È senz'altro una forma di rappresentanza degli interessi, ma che si svolge dentro un recinto talmente angusto, talmente parziale e limitato, da indurre inesorabilmente scelte e comportamenti di carattere corporativo. Ci possiamo scommettere: quegli stessi che oggi ci suggeriscono di imboccare questa strada sarebbero a quel punto i primi pronti a rialzare il dito del rimprovero per accusarci di tutelare interessi troppo ristretti e quindi corporativi. Per tanti motivi, si tratterebbe di una prospettiva del tutto indigeribile per una organizzazione come la Cgil, che ha troppo radicato nel proprio dna il tema del nesso tra rappresentanza parziale e rappresentanza generale.

Ma tra il non accettare questa deriva e il costruire davvero una diversa prospettiva di cambiamento, che tenga comunque conto di un quadro generale profondamente mutato, c'è un salto difficile da compiere. Così che spesso il rischio diventa, in assenza di alternative chiare e condivise, quello di rimanere sostanzialmente ancorati a modelli del passato, alla riproposizione di ricette che in altre epoche furono vincenti e che proprio per questo risulta difficile abbandonare. Magari rimuovendo, sostanzialmente, la portata dei cambiamenti avvenuti in questi anni, non solo nel sistema politico-istituzionale, ma anche in quello economico-sociale.

Servono dunque idee davvero nuove, oltre che alternative a quel cambiamento adattivo che ho provato a descrivere. Alla loro genesi, un contributo possono offrirlo le ricerche “sul campo” compiute in questi mesi da alcuni Ires regionali. Mi riferisco in particolare a due di queste: quella di Davide Dazzi su I delegati sindacali in Emilia-Romagna e quella di Vladimiro Soli e altri Sindacalisti e politica. Un'inchiesta tra Veneto e Lombardia.

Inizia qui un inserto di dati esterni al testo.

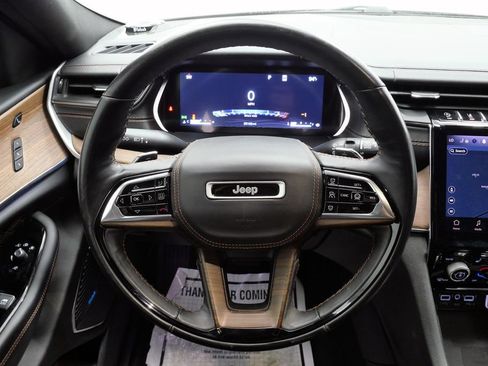Used 2022 Jeep Grand Cherokee Summit w/ Luxury Tech Group V AWD/4WD image 23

Il valore di queste ricerche sta soprattutto nella loro capacità di affrontare in modo “vivo”, attraverso le parole e le risposte di numerosi delegati e funzionari sindacali, alcuni nodi che stanno al centro anche della ormai imminente conferenza d'organizzazione della Cgil: il rapporto tra sindacato e politica; la qualità dei percorsi decisionali, quindi la qualità della democrazia; la capacità di inclusione sociale, cioè di andare oltre il campo nel quale il sindacato è abituato ad esercitare la propria funzione di rappresentanza.